2. The accident was potentially a very serious one. Mr Knapman was found to be blameless, and recovered 100% against the other driver, and this is an appeal brought by the defendant against the assessment of damages.
3. The award was made up as follows:
1) Pain and suffering £6,000
2) Loss of earnings 11,140
3) Handicap in the labour market 5,000
4) Miscellaneous losses 1,293.23
TOTAL £ 23,433.23
4. The defendants' appeal to us is as to the quantum of the loss of earnings award, and the Smith -v- Manchester handicap in the labour market.

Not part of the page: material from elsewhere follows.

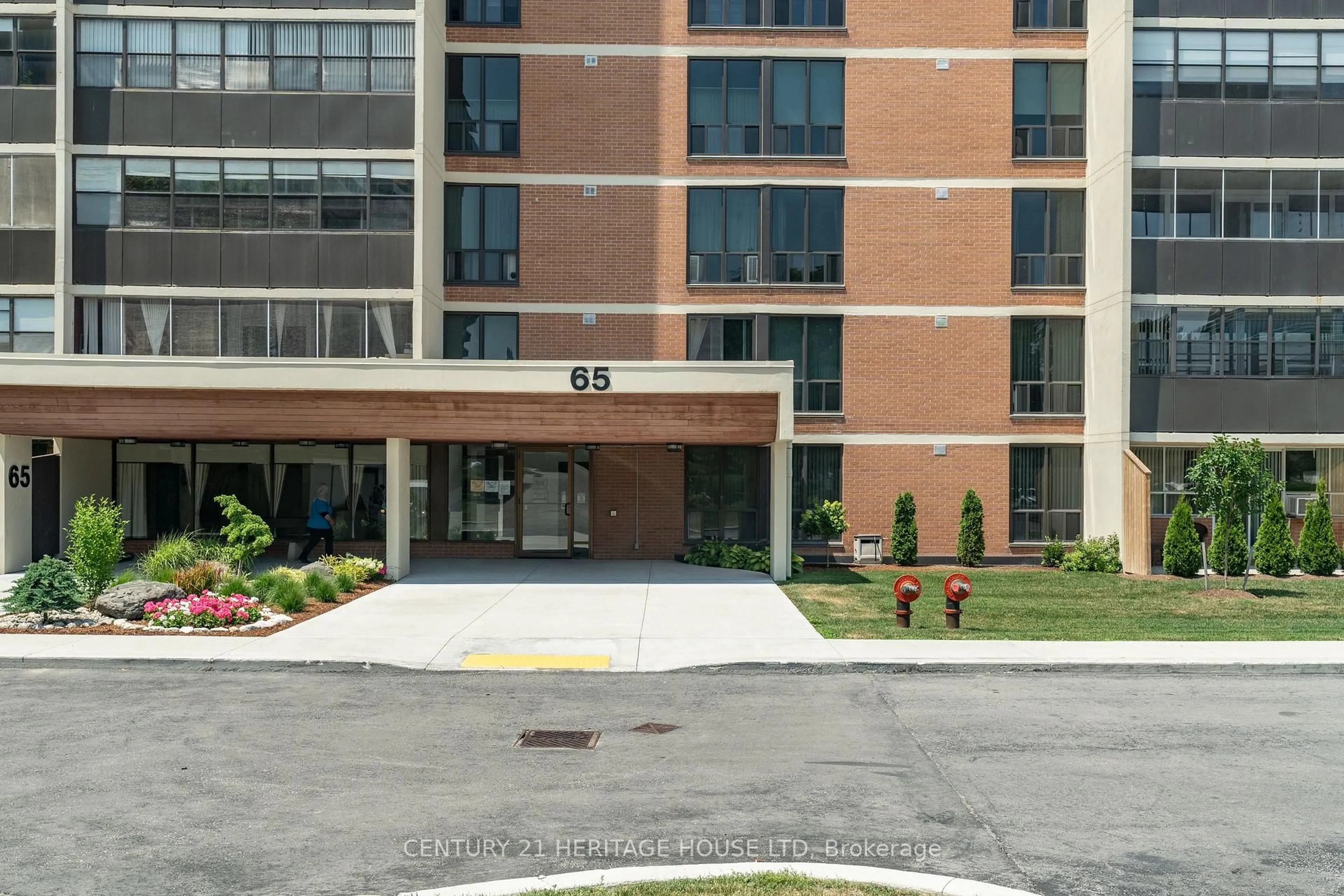 Indoor foyer for 65 Westmount Rd #110, Waterloo Ontario N2L 5G6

5. The facts as found by the judge were as follows: the claimant Mr Knapman was injured as a result of the defendant's negligent driving on 3rd July 1993, the issue of liability being determined in favour of the claimant on 3rd June 1996. At the time of the accident the claimant was aged 30 and was working as a heavy goods vehicle (HGV) driver for Horizon Farms, who later became Stonegate Farmers. He was detained in hospital for some 12 hours after the accident in which his car had been rolled over and he had been thrown out of the vehicle. Contemporary documents show that he is complaining of pain in his head, behind his right ear, his neck, his shoulder blades, his lower back, his left hand and his left lower leg. X-rays revealed nothing abnormal. A diagnosis was made of a head injury and a strained back, and analgesics were prescribed. He had headaches for one or two days, a stiff neck for a few weeks, bruising on his hands and his arm for two or three weeks, pain on movement of his chest and bruising on his chest which lasted for a few days. He was left with a scar on his left leg, but there was no fracture and only relatively minor discomfort from that injury.

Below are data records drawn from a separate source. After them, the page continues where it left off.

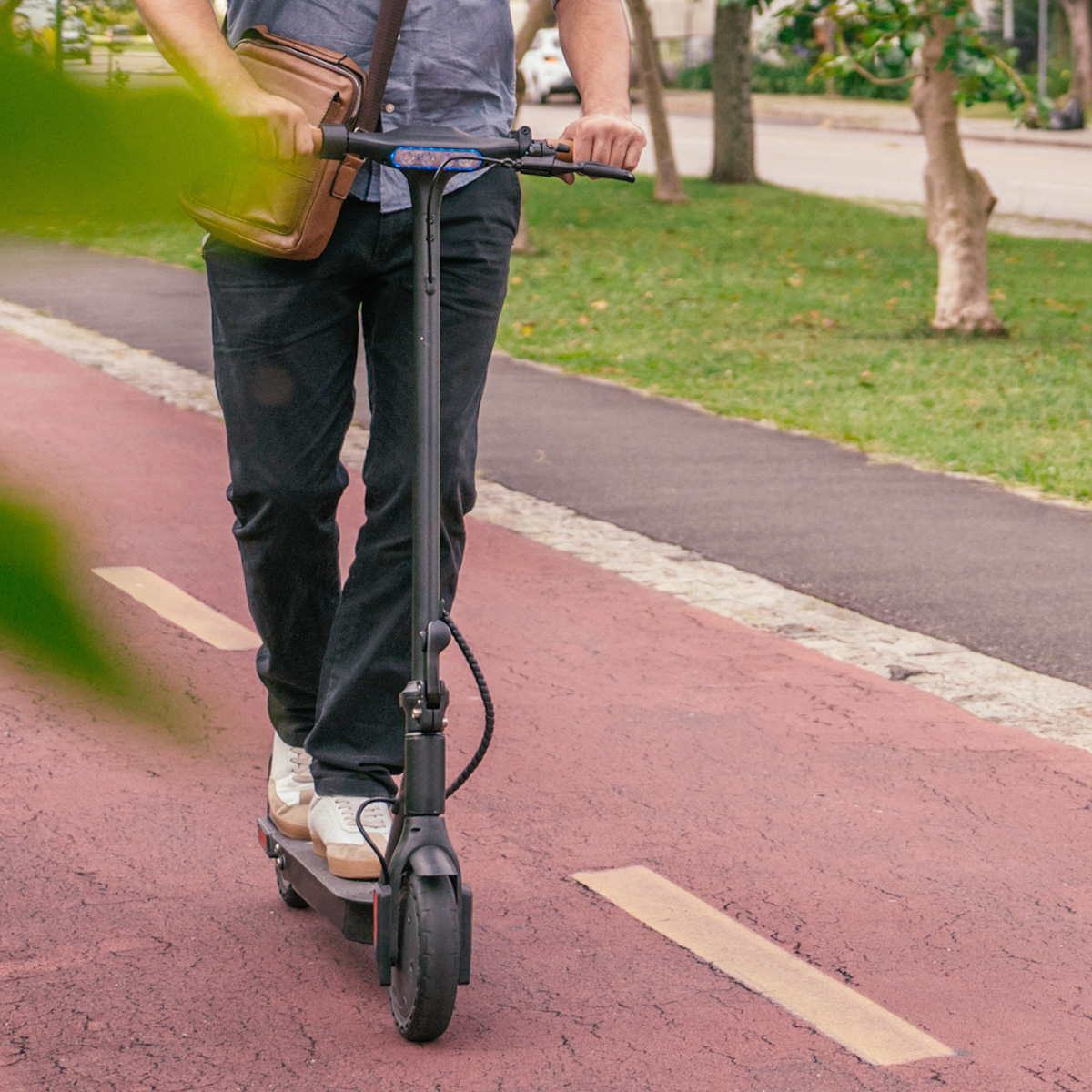 Patinete elektrikoak asegurua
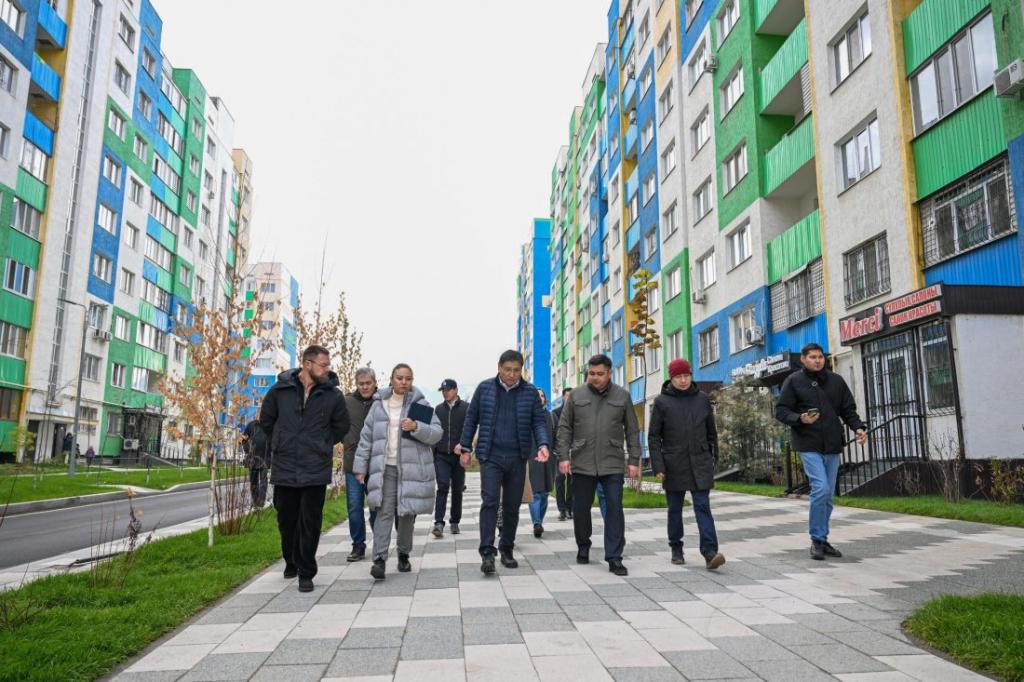 Комфортная городская среда: пешеходная зона с детскими и спортивными площадками появится в мкр. Шугыла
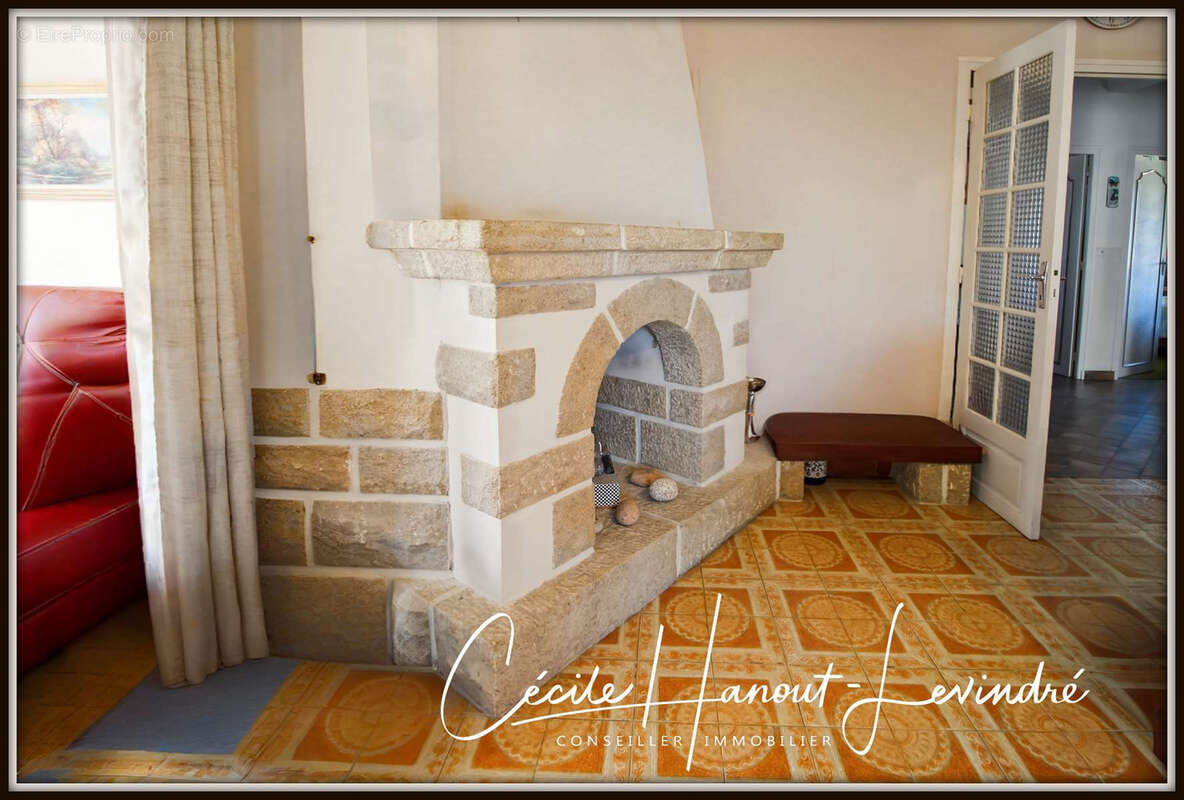 Secteur Baie du Mont-Saint-Michel -  pavillon sur sous-sol 165 M2 - 5 chambres - terrain 1662 m2. - photo 9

6. All those matters were resolved within a relatively short space of time, but on his account he was left with a soft tissue injury in his lower lumbar spine which gave him back-ache. As a result of those injuries he was off work for some six weeks. On return to work he found he had problems driving his HGV and so was put onto light work. In April 1994, some six months after the accident when he was still on light work, he sustained another accident at work, a fall or twist, which resulted in an exacerbation of his back injury, which until that time had been improving quite well.

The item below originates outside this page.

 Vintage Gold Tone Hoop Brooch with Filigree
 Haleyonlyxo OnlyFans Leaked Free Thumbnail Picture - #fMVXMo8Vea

7. As a result of the exacerbation of that injury he was off work with certificates provided by his general practitioner. His employers meanwhile made statutory sick leave payments to him. This continued until 27th September 1994 when they summarily dismissed him, having discovered that he had been working for a local slaughterhouse on an ad hoc basis, 22 days in all over a period of some 3½ months, starting in July and ending early in November.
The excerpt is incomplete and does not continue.